» Supplied data:
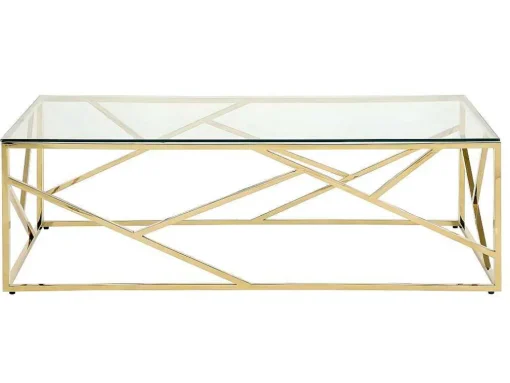 Mesa De Centro Em Vidro Temperado E Aco Cromado Disponivel Em Dourado - Athena De Pascal Morabito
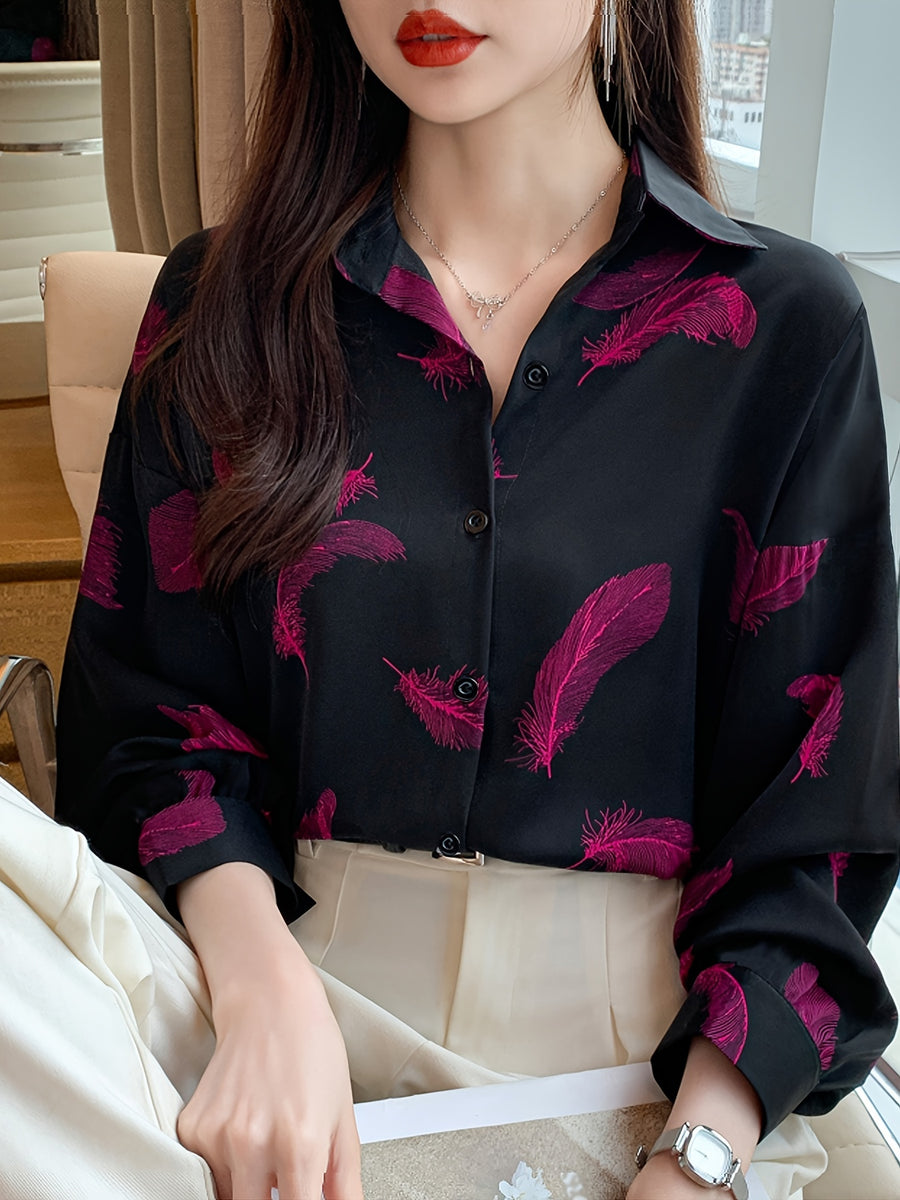 Women'S Long-Sleeve Polo Shirt with Print, New Loose-Fitting Collared Blouse for Spring And Autumn - Mixed colors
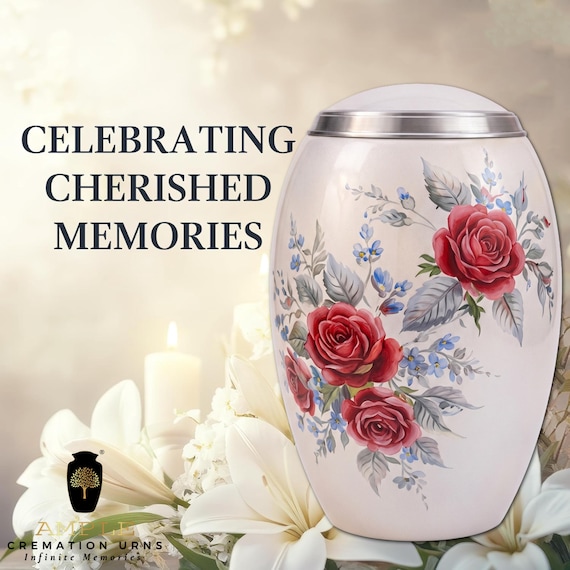 Red Rose Cremation Urn for Human Ashes, Ivory Floral Memorial with Blue Flowers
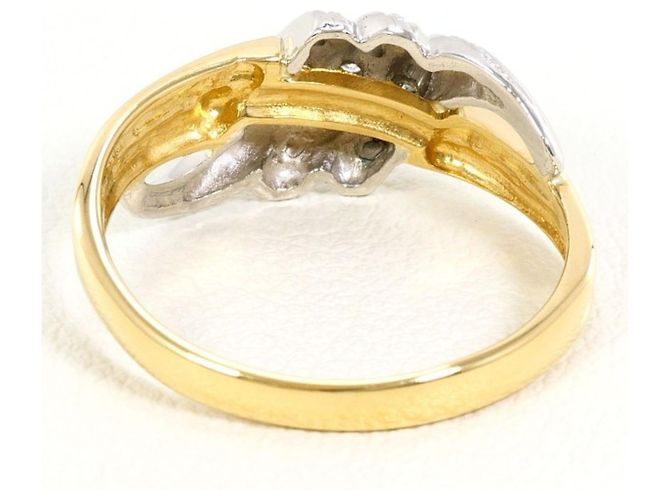 Autre Marque 18K Gelbgold- und Platin-Diamantring Golden - Ansicht 3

» Your goal:
The output should be the material above, copied exactly, without its pictures.

» Your response:
 Mesa De Centro Em Vidro Temperado E Aco Cromado Disponivel Em Dourado - Athena De Pascal Morabito
 Women'S Long-Sleeve Polo Shirt with Print, New Loose-Fitting Collared Blouse for Spring And Autumn - Mixed colors
 Red Rose Cremation Urn for Human Ashes, Ivory Floral Memorial with Blue Flowers
 Autre Marque 18K Gelbgold- und Platin-Diamantring Golden - Ansicht 3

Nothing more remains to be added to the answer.